For a couple of months I'm proud owner of a Android-based smartphone. Only once I actually held such a device in my hands and played around with applications like Google Goggles, Layar, Shazam, Google Sky Map I noticed that a phone with an internet connection is not just a phone in which you can browse the web, but an entirely new beast. It is also a great example of something that is way more than the sum of its parts (an internet connection, location/acceleration/GPS/light/.. sensors, a camera, a microphone). I'm convinced that these devices will revolutionize IT like the Web did 20 years ago, and I whole-heartedly agree with Steve's blog entry on Goin Mobile...

But the big question is: where's the revolutionary app for "mobile product configuration"? Just porting e.g. IPC's web UI to the iPad is the trivial answer. Such an application is not a big leap forward, not more than a browser app in a mobile device, not more than the sum of its parts.

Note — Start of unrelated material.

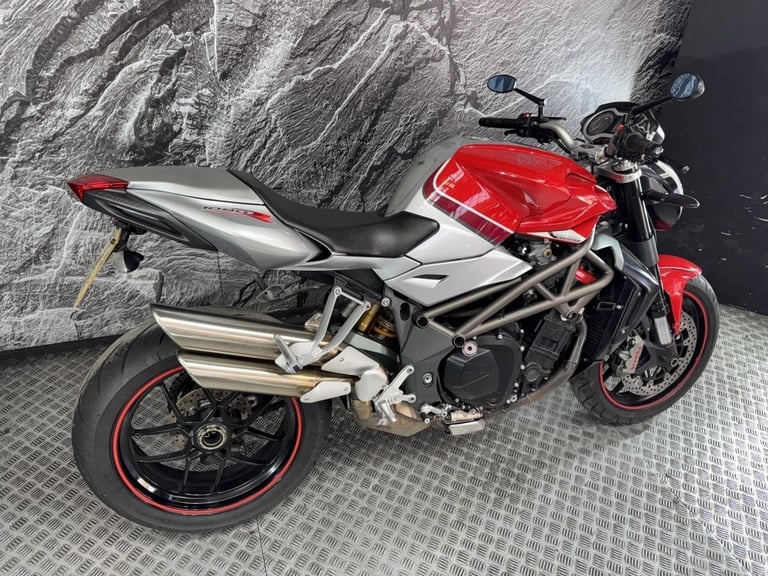 MV AGUSTA BRUTALE 1090 RR 1090RR 2010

I don't know what the real answer to this question is. However, I'm convinced that the question is not only a question to SAP, but a question to the SAP configuration community, and that we find the most interesting use cases, the coolest applications if we exchange our thoughts and ideas and talk about challenges we're facing.

When Harald Vogel first mentioned his idea of having a CWG developer challenge about mobile configuration apps, I knew that this is the right thing to do.

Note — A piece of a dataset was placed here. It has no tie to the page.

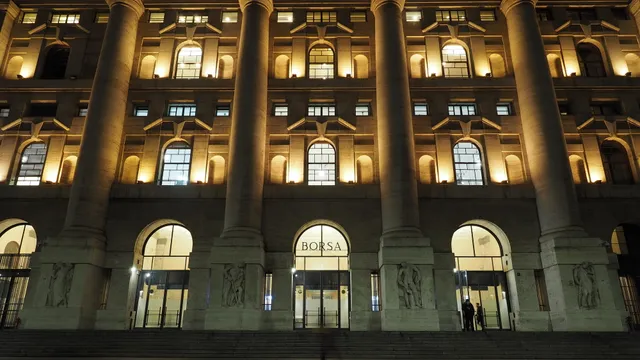 Piazza Affari in progresso, la Corte USA boccia i dazi di Trump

So why should you participate?

  • If a customer has an idea about what they want to do with configuration on their iPad, iPhone, Android phone, Blackberry, Win 7 Mobile phone, then telling the community would be a great way to getting this done by SAP or by our partners.
  • Partners can come up with innovative tools fast, show their ability to implement innovations, show the special capabilities of their own configurators, and strengthen their reputation as the right partner for SAP implementations.
  • SAP can find out what the mobile tools are that our customers really need and invest into the right software.

Looking forward to your thoughts and ideas in Harald's CWG forum thread.

Karlheinz

ps. here's short descriptions of the ground-breaking applications for smartphones mentioned above:

  • Google goggles: show something to your phone by pointing the camera to it, and find out what it is (e.g. a poster of this painting by Kandinsky,  a bar code of that product) together with the usual internet information on it. Right now works only for some things, and not for others, but the potential is amazing.
  • Layar: an augmented reality app - will show what the camera sees and insert information about it at the right point. E.g. hold your phone so that the camera sees a restaurant and the phone shows reviews of that restaurant. Hard to describe, you have to see it in action to understand why this will fundamentally change the way we'll be working with computers.
  • Shazam: Hold your phone to a speaker playing a song to find out which song this is.
  • Google Sky Map: augmented reality sky map: Point at a star and you'll see an in-place description of the star and more.